◆ **PROMPT**:
Find the line containing "Harry Potter Slytherin Wappen Snapback Cap" in the entries; transcribe it and all remaining lines through the end, exactly as they appear, but not the pictures.

◆ **Image-text web data**:
/---
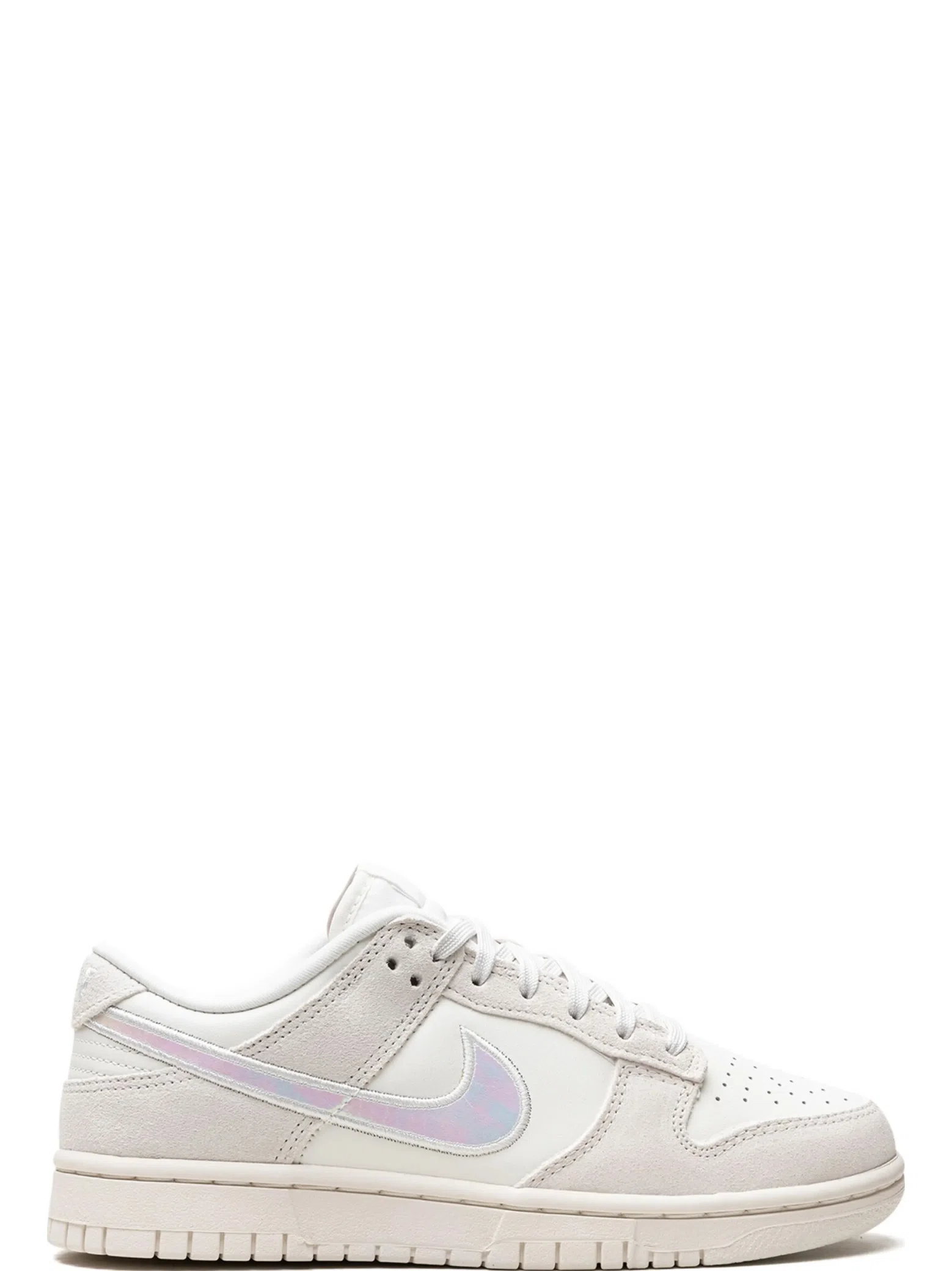Кроссовки Nike Dunk Low WMNS "Sail Iridescent Swoosh" | Farsel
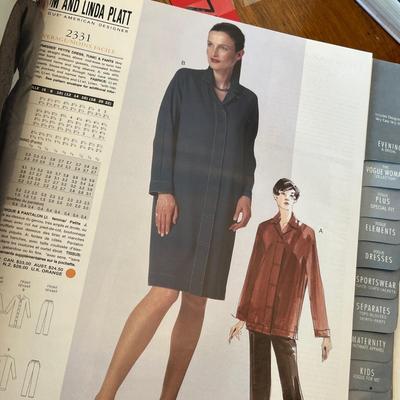 1990s Vogue Patterns books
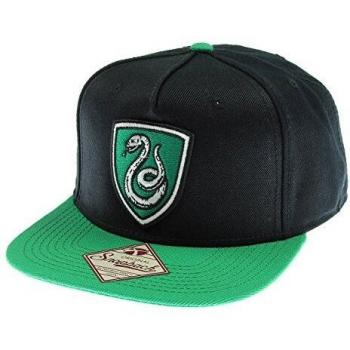 Harry Potter Slytherin Wappen Snapback Cap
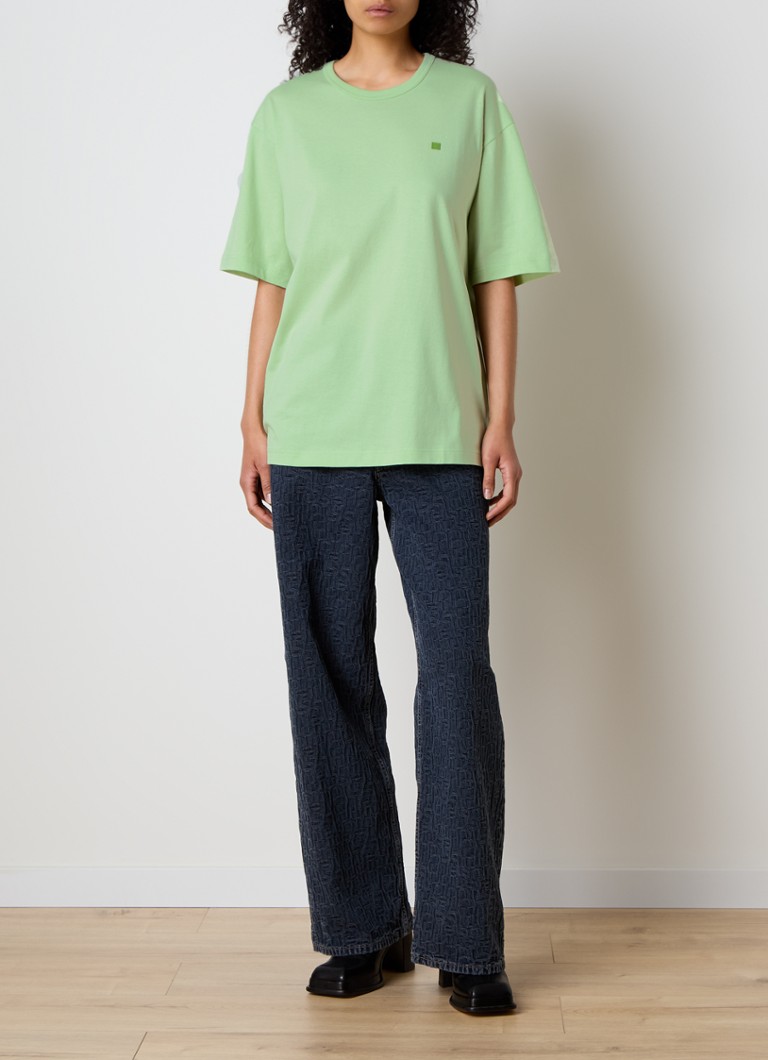 Acne Studios T-krekls ar logotipu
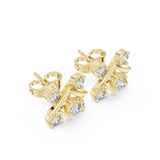 Earring 9#10012E - Yellow Gold - Image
\---
◆ **ANSWER TO THE PROBLEM**:
 Harry Potter Slytherin Wappen Snapback Cap
 Acne Studios T-krekls ar logotipu
 Earring 9#10012E - Yellow Gold - Image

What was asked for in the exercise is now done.